Un día en la vida

Manuel Barea

mbarea@diariodesevilla.es

Ruina olímpica

El estadio de la Cartuja se construyó para unas Olimpíadas y ha acogido una muestra de arte cofrade

Dictadores, reyes, jeques y políticos demócratas, en el Gobierno y en la oposición, desde un presidente a un concejal de pueblo, todos se pirran por un asiento en el palco de un estadio. No se es nadie si no se consigue una plaza en la tribuna de autoridades. Está claramente definida. Por eso el estadio es tan necesario, tan requerido, tan previsto, tan promocionado, más tarde o más temprano, por los señores de la cosa pública. Cuanto más grande mejor.

Sevilla no iba a ser menos. También tiene su estadio. Olímpico. Mejor: olímpico. El de la Cartuja fue proyectado y construido para eso, para unas Olímpiadas. Pero ha albergado una muestra de arte cofrade (y no les quepa la menor duda de que muchos en la ciudad han aplaudido el cambio). Pero qué más da, esas autoridades de la tribuna, esos que parten el bacalao, los que están en la pomada, los que gobiernan -y sus amigos que los ayudan a gobernar, los del palco VIP-, tienen siempre a punto el reclamo, el gancho, del deporte o de la religión para congraciarse con el respetable cuando la cosa se pone chunga y para hacerse pasar por uno de los suyos, muy del pueblo, lo mismo encasquetándose una bufanda del equipo más fardón esa temporada que colgándose el medallón de la sagrada imagen que toque. Afición y Tradición. Funda un listo un partido con este nombre y a poco está sentado en la mesa de negociaciones para formar nuevo Gobierno. Visto lo visto.

Los gobiernos pierden no el norte, sino los cuatro puntos cardinales por un estadio. Sobre todo los municipales. Al estadio de una ciudad -y no digo ya de un pueblo- le ponen el nombre de un alcalde y éste ya puede diñarla en paz. Si el estadio, olímpico o a secas, queda después para acoger una feria de antigüedades, al alcalde en cuestión se la trufa. El está muerto, pero el estadio lleva su nombre, aunque se caigan a pedazos las letras de su apellido. Así es la megalomanía.
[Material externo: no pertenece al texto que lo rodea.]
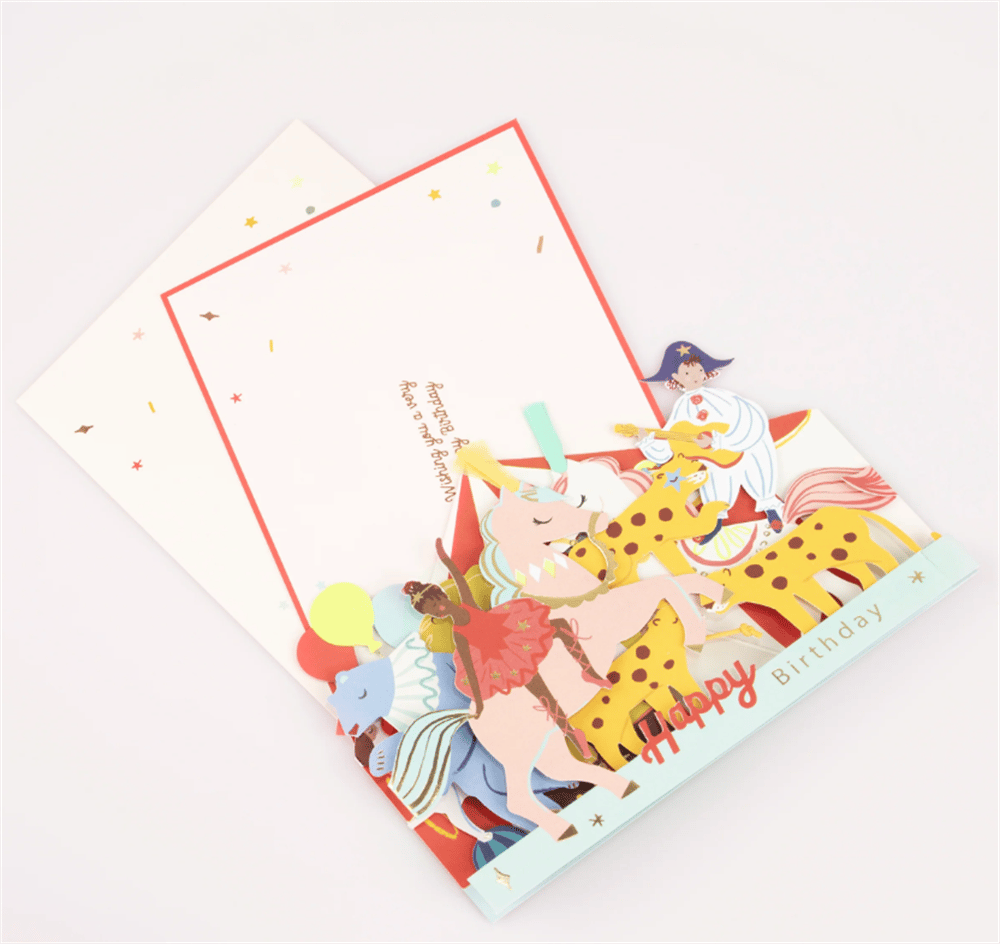 Meri Meri - Circus Concertina Card - Sirk Tebrik Kartı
Un fósil de antes de la última glaciación o un buque fantasma a la deriva es lo que parece, en medio de la nada, el estadio olímpico de Sevilla que no es olímpico y que en 2019, el de su veinte cumpleaños, no va a ser nada. Las camadas de gatos que habitan en las tripas de la mole van a ser felices, no les molestarán los greñudos de AC/DC ni las pijitas de Alejandro Sanz. Su cubierta se cae y hay que arreglarla. Así que cierre. Y sin noticias de la reapertura. No se trata de darle un flete y ya está, es un obrón. De 15 millones de euros. A ver de dónde salen, a ver quién los pone. ¿15 kilos más para el estadio? ¿Para qué? ¿Para más amistosos mortecinos de la selección o para un jubiloso bautizo colectivo de Testigos de Jehová? Mejor que lo dejen como está. Que las generaciones venideras sepan que sus antecesores eran espléndidos y no reparaban en gastos a la hora de levantar un Monumento a la Ruina.